Ed Putnam is here, of course. The Putnam family had a long history of visiting Maui, and the last family trip came in 2008, shortly before Ed passed. In 2009, Coco and her mother came here on a trip to spread some of Ed's ashes in the water at Black Rock, not a half mile from where we're staying. Ed's presence, never far from Coco's consciousness in the first place, is making itself known in different small ways as we move through the landscape and the visit; I think it is a welcome gift for her.

And Gene Feeley is here. We lost my brother-in-law more recently, just last October. I am not sure he ever visited this part of this island, although I know that he and my sister Linda had been to Hawai'i. Perhaps because I was bequested some of his aloha shirts by my sister and brought a couple along (I wore one to prom last night), every time I see a man of a certain age, a bit rough around the edges but obviously successful, I think of Gene. You see these men frequently in Hawai'i, as they have the wherewithal to make the trip and the time to enjoy themselves after long years of hard work.
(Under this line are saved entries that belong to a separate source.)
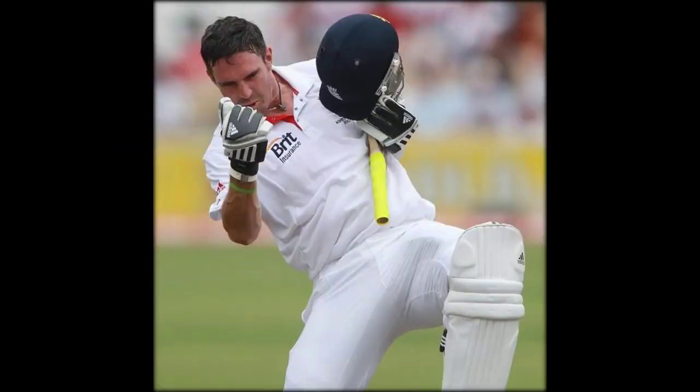"Watching the footage, if he was scratching it, it was the wrong side to get it to reverse. I'm quite sure that wasn't the case."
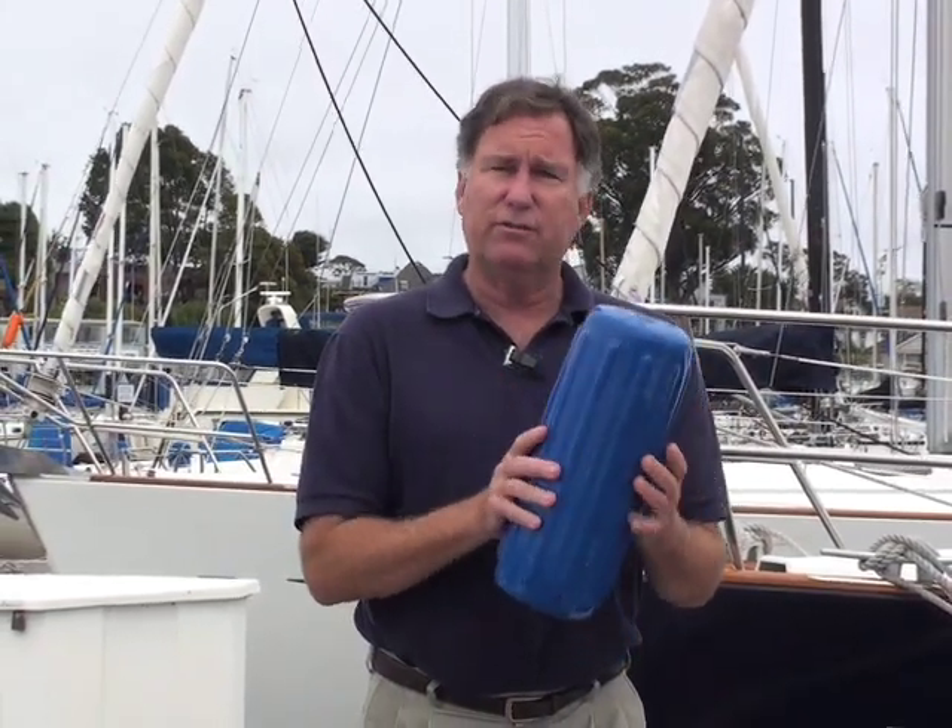West Marine has a vast selection of fenders. Some would argue it's a little bit complex at times because we've got colors and sizes and different designs. One of the most basic questions about fenders is how to size them to fit your boat. One of the rules of thumb that we like to use is to look at the diameter of the fender.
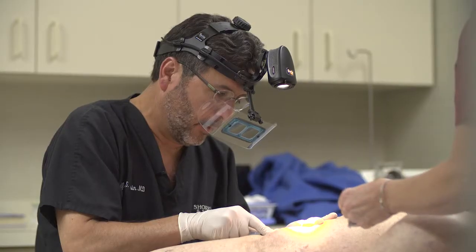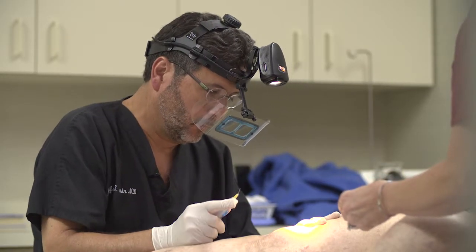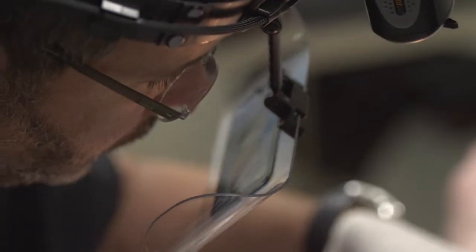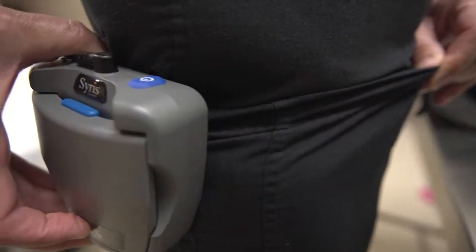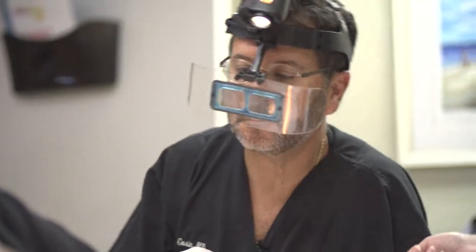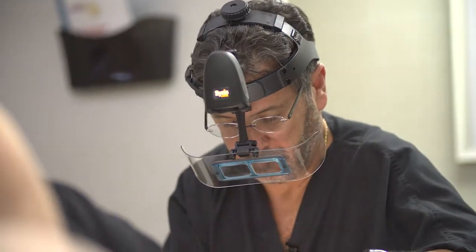It cuts out all the glare and really just demonstrates the telangiectasia of the spider veins. We also get a little bit of magnification with it as well. It's powered through a battery pack which clips onto my belt, so I'm not tethered to the wall, and it allows me to move around the procedure table easily.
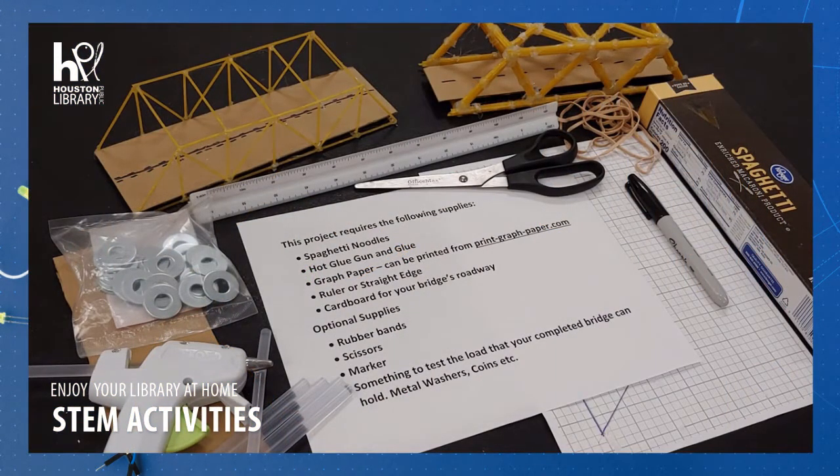Hi, welcome to STEM with the Houston Public Library. I'm Lauren and today we are making a spaghetti bridge. This activity is intended for tweens and teens. You will need the following supplies for this activity.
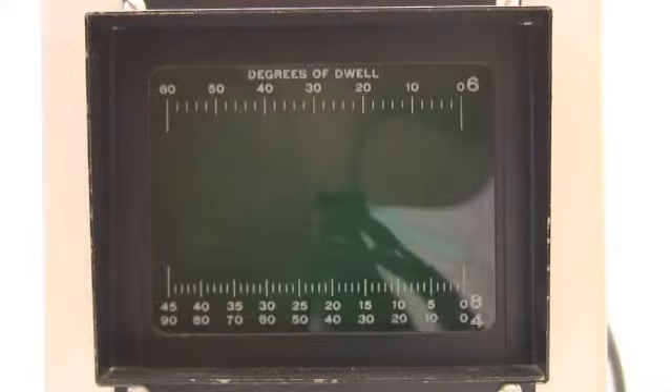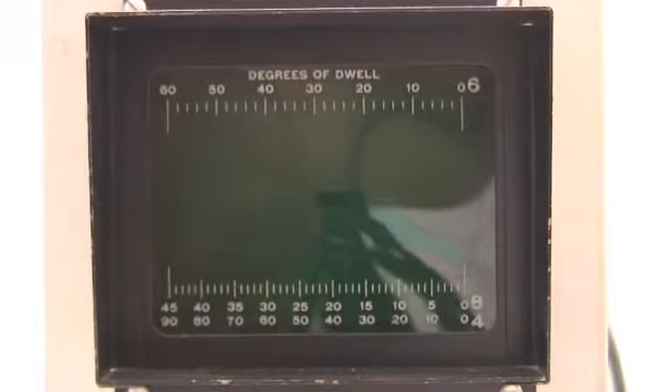This is the Heathkit Ignition Analyzer. I'm going to run through the dials. First I'm going to turn it on, which is the left edge dial.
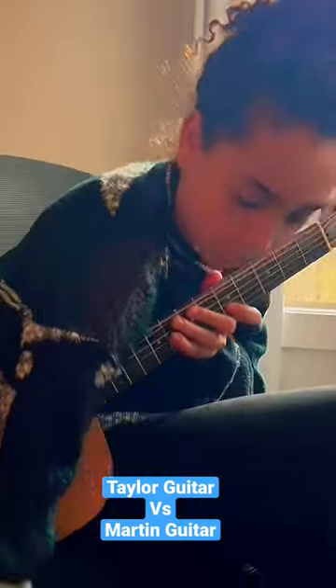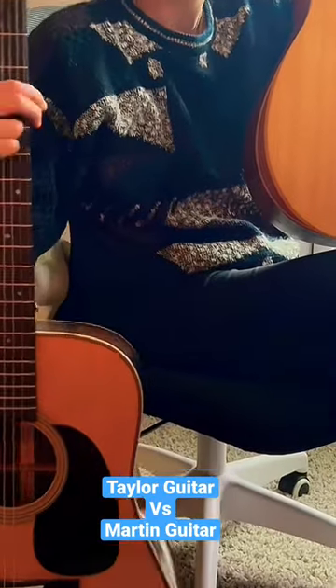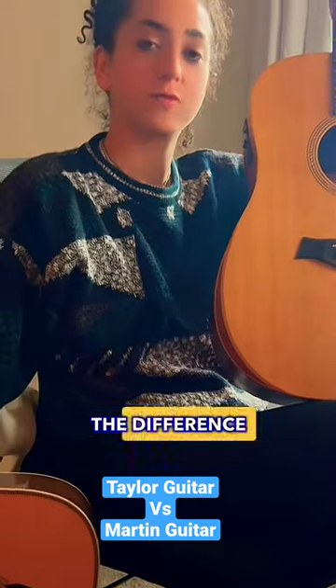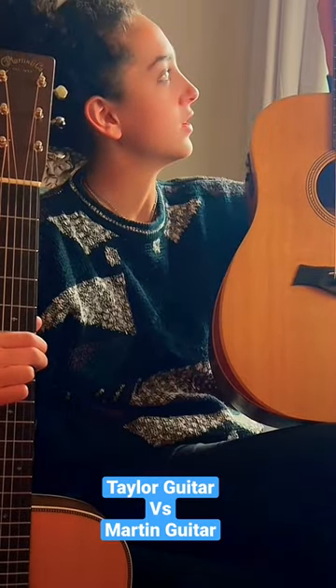Both of my guitars — my Taylor, my first ever guitar, and my current guitar, which is a Martin HD-28. I'm going to be riffing off both and show you guys the difference in sound quality. I've had this guitar for about a year, and this one for about a year and four months. Okay, so let's do this.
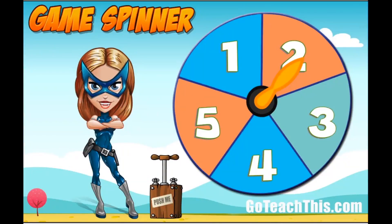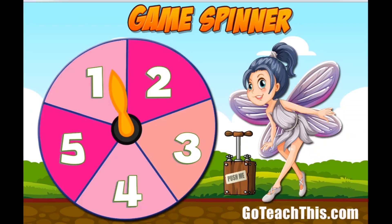Hi all, this is Adrian from GoTeachThis.com here to introduce you to our brand new printable and electronic freebie. Earlier today we uploaded this free spinner game kit. It includes two printable versions, one with the superhero and one with a fairy at the request of my 10 year old daughter.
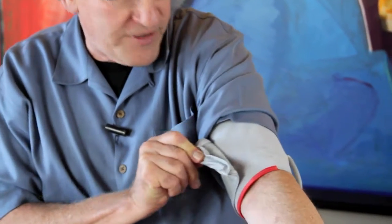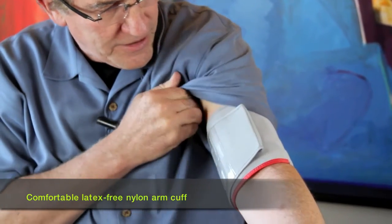This is a blood pressure monitor made to work with an iPhone — iPhone 2G, 3G, 3GS, or iPhone 4. And it consists of a cuff, which I've already put on. See right here? A blood pressure cuff with Velcro. Put it on my arm.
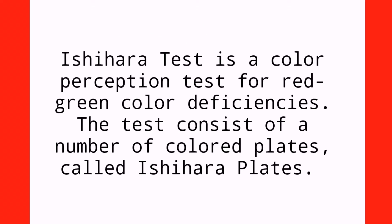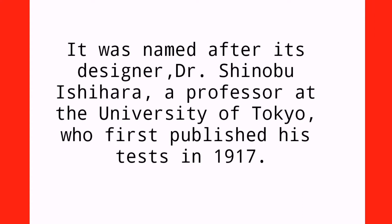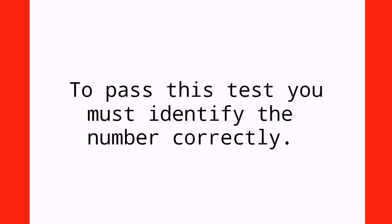The Ishihara test is a color perception test for red-green deficiencies. The test consists of a number of colored plates called Ishihara plates. It was named after its designer, Dr. Shinobu Ishihara, a professor at the University of Tokyo, who first published this test in 1917.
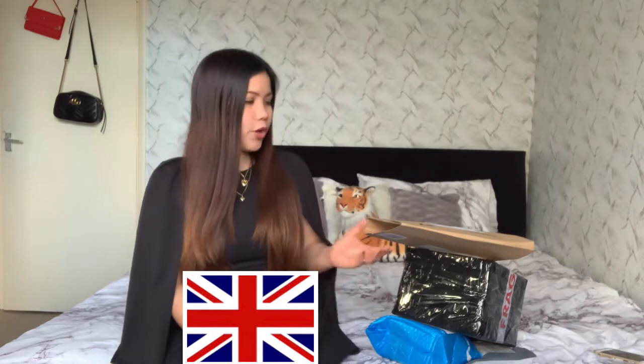So if you didn't subscribe, please click the subscribe button down below and ring the bell so that you will be notified every time I upload a new video. And in today's video, we're going to unbox some items that I purchased online.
They usually display a certain kind of savvy and smarts, perhaps with indications of physical work in their past, before or as they (with help of a capable spouse) built companies or corporations or chains and moved from their working class backgrounds  to become men of means. These men were part of the engine of the American dream, such as it was, and I am not sure we will see their like again. Gene was one of them, and he is missed.

***
Whale watching today was awesome, and not in the Excellent! or Groovy! sort of way, but more in the whole evoking an emotion variously combining dread, veneration, and wonder that is inspired by authority or by the sacred or sublime kinda way. I am sure Coco took a few pictures and will let y'all know about it.